* **THE INPUT**
*** Block opens ***

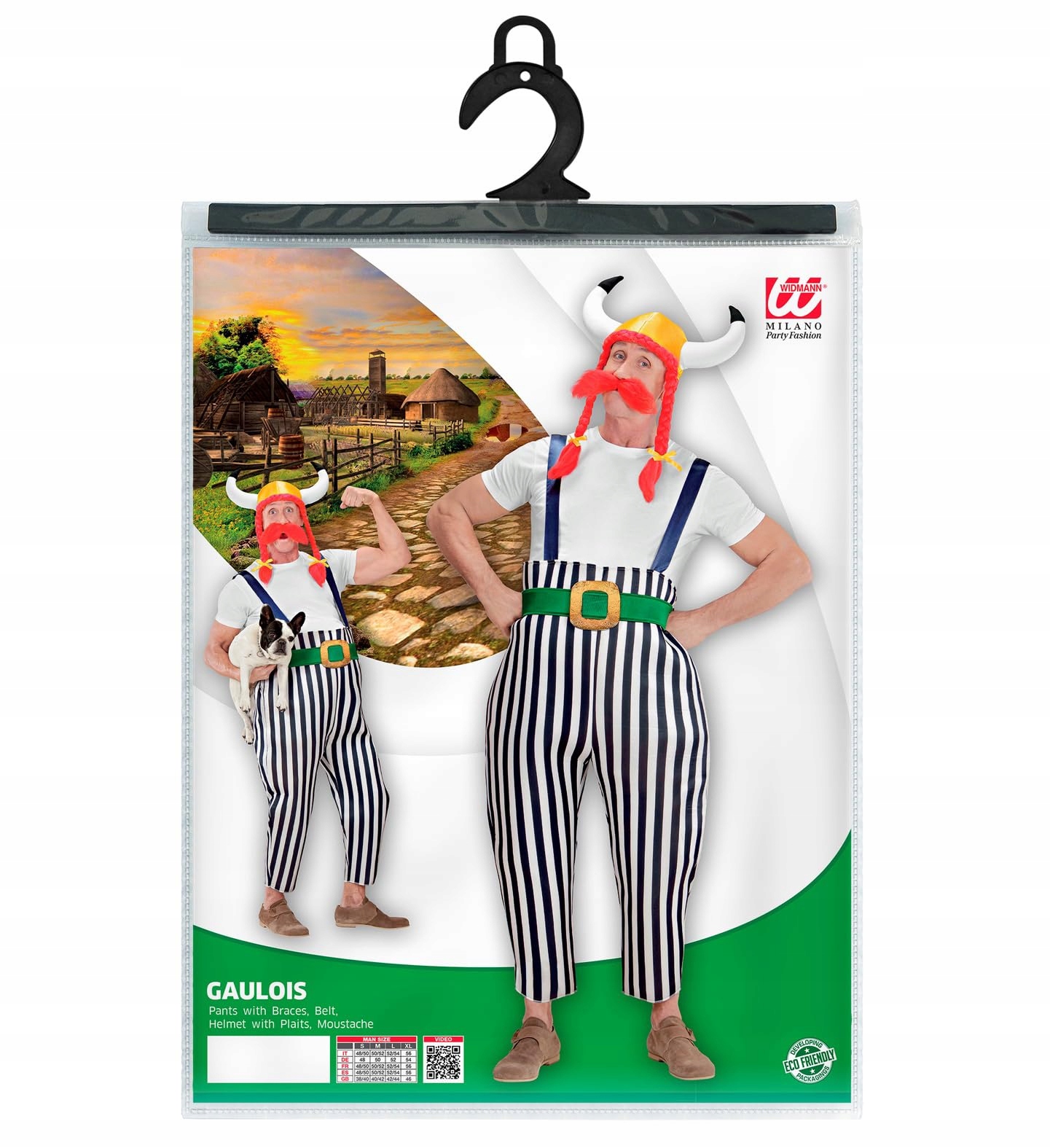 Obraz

*** Block closes ***
*** Block opens ***

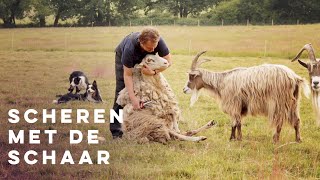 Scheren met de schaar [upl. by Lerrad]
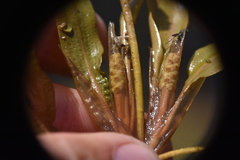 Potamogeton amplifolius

*** Block closes ***

* **WHAT TO WORK ON**
Range to print from the listing above: from the line with "Scheren met de schaar [upl. by Lerrad]" up to and including the line with "Potamogeton amplifolius". Please print those lines exactly, with no pictures and nothing more.

* **WRITTEN RESPONSE**
 Scheren met de schaar [upl. by Lerrad]
 Potamogeton amplifolius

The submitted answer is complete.